• **EXERCISE DETAILS**: Look through the records below for the line holding "8116 Mosby Way, Willow". Write it out exactly, with each following line through the line holding "Passengers on Rafting".

• **DATA PROVIDED**:
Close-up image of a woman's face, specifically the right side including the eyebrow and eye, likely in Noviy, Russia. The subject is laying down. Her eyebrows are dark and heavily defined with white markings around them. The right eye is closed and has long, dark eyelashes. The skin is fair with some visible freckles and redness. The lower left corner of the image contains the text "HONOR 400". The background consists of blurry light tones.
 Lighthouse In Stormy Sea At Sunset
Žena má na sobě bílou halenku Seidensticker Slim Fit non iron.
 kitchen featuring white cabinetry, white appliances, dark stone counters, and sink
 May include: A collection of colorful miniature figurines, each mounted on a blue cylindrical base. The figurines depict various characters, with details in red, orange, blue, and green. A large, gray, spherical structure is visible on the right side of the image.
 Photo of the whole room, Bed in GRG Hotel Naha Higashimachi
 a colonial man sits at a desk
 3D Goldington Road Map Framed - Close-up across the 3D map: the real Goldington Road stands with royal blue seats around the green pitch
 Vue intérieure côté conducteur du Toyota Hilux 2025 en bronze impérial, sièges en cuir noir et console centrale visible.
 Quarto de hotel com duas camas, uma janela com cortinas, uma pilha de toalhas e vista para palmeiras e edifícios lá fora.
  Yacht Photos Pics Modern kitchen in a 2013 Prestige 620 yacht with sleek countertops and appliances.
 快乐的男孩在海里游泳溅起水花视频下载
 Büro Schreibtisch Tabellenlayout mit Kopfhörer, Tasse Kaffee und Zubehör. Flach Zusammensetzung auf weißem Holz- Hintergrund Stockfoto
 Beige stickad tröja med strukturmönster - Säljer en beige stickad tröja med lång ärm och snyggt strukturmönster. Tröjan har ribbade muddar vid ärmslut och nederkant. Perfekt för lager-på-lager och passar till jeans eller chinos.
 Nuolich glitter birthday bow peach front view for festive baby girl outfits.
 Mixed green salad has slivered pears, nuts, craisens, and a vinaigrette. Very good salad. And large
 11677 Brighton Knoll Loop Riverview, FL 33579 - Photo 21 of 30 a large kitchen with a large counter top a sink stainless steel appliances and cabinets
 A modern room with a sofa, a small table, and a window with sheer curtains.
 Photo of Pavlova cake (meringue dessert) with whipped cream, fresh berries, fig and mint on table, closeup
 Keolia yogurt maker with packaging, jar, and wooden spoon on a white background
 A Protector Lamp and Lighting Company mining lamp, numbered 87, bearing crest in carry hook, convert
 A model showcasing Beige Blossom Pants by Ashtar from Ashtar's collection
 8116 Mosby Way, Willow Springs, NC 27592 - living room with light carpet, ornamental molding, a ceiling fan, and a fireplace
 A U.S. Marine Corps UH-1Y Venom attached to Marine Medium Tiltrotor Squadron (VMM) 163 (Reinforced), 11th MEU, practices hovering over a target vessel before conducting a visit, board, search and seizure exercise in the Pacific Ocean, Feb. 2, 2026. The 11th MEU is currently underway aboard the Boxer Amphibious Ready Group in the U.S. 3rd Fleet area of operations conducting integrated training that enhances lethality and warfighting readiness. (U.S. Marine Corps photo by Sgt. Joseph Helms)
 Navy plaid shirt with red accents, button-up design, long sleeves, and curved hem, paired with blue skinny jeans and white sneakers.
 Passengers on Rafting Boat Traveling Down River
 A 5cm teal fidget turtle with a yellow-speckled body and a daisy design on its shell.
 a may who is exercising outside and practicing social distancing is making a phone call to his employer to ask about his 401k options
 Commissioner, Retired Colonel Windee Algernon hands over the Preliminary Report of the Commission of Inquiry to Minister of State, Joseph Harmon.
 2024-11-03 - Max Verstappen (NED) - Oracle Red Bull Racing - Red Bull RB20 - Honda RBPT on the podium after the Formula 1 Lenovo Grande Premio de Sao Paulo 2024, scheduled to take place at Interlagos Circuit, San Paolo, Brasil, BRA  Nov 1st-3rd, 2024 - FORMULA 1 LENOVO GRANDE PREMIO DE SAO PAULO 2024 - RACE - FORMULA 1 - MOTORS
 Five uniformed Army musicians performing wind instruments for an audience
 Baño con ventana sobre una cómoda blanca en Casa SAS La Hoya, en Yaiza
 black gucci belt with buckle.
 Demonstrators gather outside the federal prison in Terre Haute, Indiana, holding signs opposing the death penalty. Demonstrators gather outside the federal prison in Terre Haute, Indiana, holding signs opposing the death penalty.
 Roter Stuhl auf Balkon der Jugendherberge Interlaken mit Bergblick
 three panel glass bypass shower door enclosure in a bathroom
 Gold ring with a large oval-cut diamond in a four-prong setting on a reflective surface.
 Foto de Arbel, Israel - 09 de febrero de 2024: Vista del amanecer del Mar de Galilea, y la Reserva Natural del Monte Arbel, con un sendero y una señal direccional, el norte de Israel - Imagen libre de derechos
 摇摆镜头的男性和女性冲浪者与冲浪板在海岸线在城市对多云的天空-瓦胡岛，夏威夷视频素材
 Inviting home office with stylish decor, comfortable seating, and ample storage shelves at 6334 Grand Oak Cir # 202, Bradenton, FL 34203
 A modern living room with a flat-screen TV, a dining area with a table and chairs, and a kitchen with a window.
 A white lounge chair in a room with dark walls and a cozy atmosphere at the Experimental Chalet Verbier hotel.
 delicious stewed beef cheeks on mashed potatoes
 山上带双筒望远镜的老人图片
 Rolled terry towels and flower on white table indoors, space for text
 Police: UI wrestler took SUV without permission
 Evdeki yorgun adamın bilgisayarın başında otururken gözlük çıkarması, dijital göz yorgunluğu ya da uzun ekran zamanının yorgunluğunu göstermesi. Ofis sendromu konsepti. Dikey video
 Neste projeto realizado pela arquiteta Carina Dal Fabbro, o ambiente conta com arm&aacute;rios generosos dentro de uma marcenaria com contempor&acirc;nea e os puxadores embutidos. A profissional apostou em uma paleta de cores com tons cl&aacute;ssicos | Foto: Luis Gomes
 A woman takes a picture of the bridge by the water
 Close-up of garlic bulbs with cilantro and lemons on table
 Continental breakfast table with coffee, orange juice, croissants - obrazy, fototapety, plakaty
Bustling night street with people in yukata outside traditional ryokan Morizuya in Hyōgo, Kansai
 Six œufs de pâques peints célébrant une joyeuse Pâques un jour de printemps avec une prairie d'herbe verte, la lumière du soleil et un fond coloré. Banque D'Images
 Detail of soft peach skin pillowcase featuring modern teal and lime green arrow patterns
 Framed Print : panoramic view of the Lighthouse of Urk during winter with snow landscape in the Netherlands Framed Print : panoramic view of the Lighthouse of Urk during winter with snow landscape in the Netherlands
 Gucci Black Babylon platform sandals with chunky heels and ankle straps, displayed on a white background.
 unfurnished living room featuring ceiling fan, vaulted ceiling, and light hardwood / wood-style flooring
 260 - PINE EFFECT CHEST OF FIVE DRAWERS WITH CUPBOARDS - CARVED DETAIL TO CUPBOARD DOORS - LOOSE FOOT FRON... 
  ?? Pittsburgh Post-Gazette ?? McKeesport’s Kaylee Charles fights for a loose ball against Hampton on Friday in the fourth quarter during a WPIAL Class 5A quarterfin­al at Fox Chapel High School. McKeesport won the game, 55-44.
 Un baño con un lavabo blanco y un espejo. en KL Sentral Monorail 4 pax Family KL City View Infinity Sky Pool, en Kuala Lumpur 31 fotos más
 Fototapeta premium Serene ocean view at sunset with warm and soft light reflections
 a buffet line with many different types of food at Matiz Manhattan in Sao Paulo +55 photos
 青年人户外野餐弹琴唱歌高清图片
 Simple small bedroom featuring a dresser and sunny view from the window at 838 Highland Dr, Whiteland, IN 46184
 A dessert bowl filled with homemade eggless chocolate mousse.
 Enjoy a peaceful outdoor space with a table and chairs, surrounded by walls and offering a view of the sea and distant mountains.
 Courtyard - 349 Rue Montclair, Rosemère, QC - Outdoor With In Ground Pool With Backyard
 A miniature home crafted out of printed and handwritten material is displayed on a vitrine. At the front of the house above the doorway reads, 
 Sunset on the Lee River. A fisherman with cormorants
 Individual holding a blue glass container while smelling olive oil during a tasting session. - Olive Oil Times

• **WRITTEN REPLY**:
 8116 Mosby Way, Willow Springs, NC 27592 - living room with light carpet, ornamental molding, a ceiling fan, and a fireplace
 A U.S. Marine Corps UH-1Y Venom attached to Marine Medium Tiltrotor Squadron (VMM) 163 (Reinforced), 11th MEU, practices hovering over a target vessel before conducting a visit, board, search and seizure exercise in the Pacific Ocean, Feb. 2, 2026. The 11th MEU is currently underway aboard the Boxer Amphibious Ready Group in the U.S. 3rd Fleet area of operations conducting integrated training that enhances lethality and warfighting readiness. (U.S. Marine Corps photo by Sgt. Joseph Helms)
 Navy plaid shirt with red accents, button-up design, long sleeves, and curved hem, paired with blue skinny jeans and white sneakers.
 Passengers on Rafting Boat Traveling Down River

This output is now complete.